- [Data excerpt]:

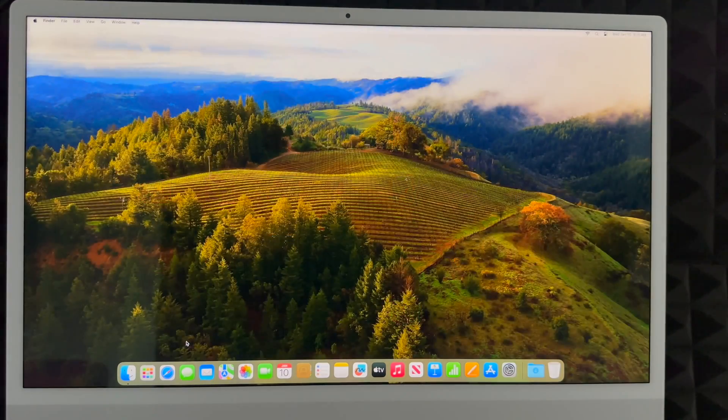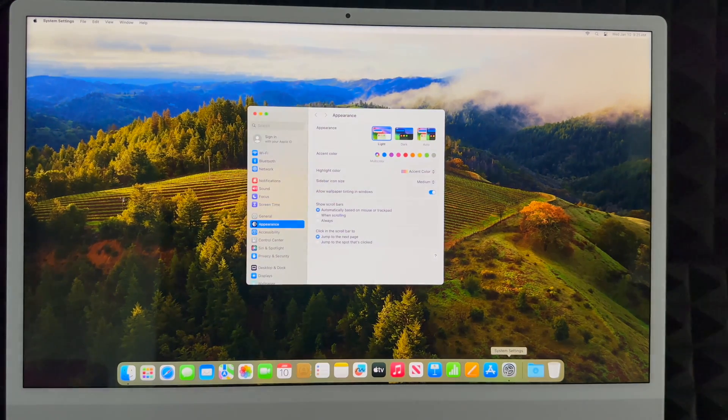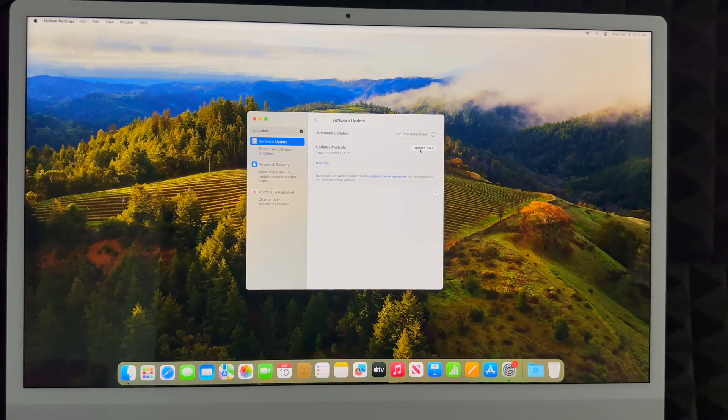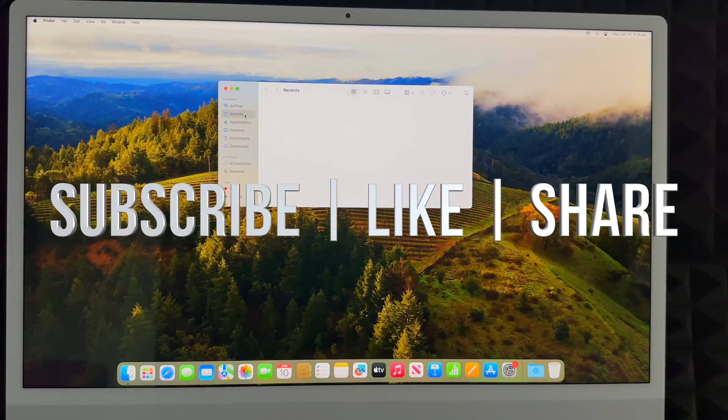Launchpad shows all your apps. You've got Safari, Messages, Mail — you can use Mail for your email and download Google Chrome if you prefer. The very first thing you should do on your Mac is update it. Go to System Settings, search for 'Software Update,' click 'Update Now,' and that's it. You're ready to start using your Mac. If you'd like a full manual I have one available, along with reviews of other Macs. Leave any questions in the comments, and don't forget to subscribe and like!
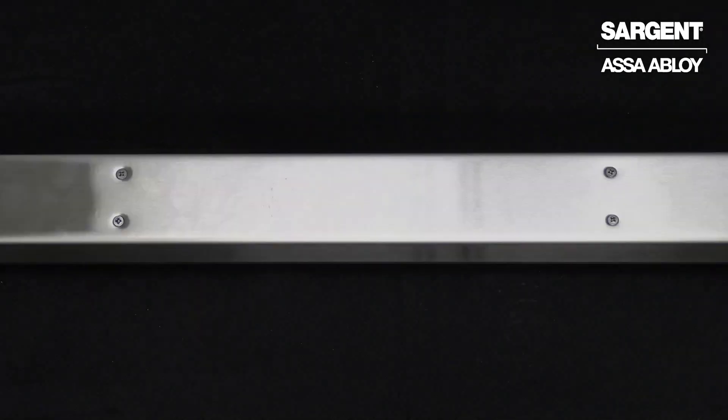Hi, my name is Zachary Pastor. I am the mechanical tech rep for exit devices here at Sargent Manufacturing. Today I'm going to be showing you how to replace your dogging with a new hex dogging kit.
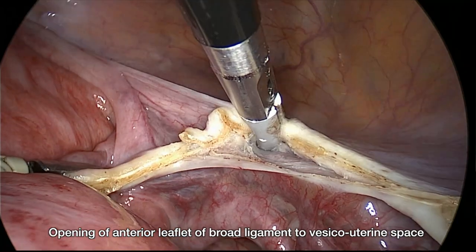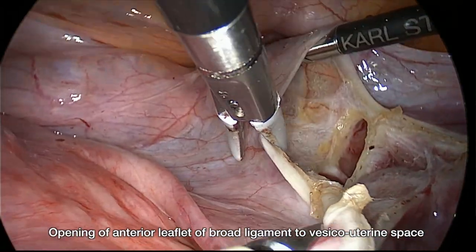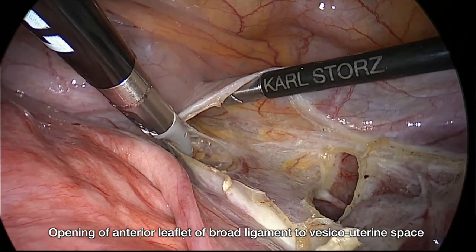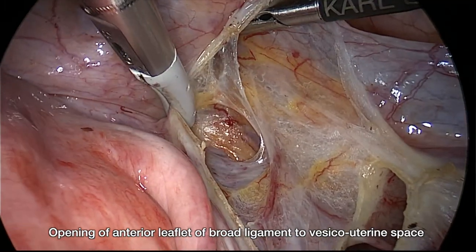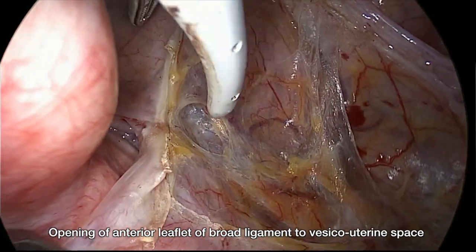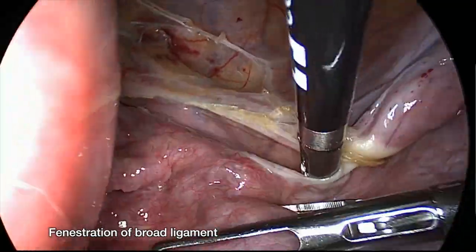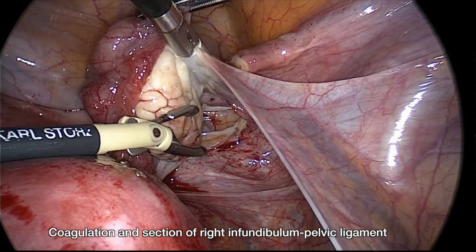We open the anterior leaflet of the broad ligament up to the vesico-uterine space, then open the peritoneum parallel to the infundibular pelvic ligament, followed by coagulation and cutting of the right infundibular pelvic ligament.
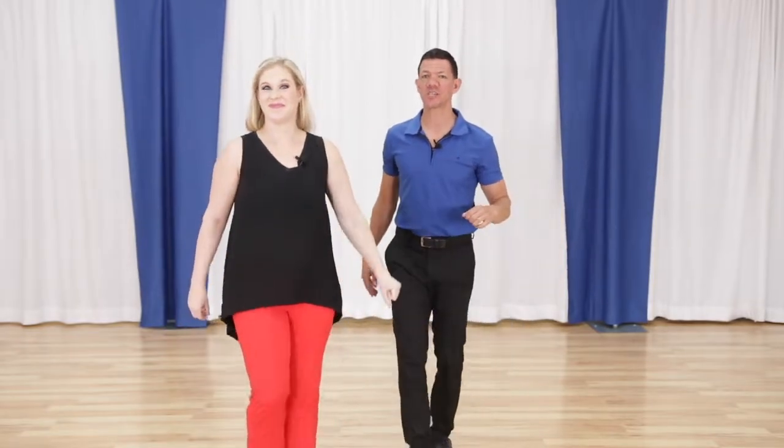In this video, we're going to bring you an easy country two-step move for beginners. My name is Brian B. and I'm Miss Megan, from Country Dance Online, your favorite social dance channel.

- [What you will do]: Leave the pictures aside and print exactly, and only, the lines from the one with "Hi, my name" through the end of the data, both included.

- [Answer to this exercise]:
Hi, my name is Zachary Pastor. I am the mechanical tech rep for exit devices here at Sargent Manufacturing. Today I'm going to be showing you how to replace your dogging with a new hex dogging kit.
We open the anterior leaflet of the broad ligament up to the vesico-uterine space, then open the peritoneum parallel to the infundibular pelvic ligament, followed by coagulation and cutting of the right infundibular pelvic ligament.
In this video, we're going to bring you an easy country two-step move for beginners. My name is Brian B. and I'm Miss Megan, from Country Dance Online, your favorite social dance channel.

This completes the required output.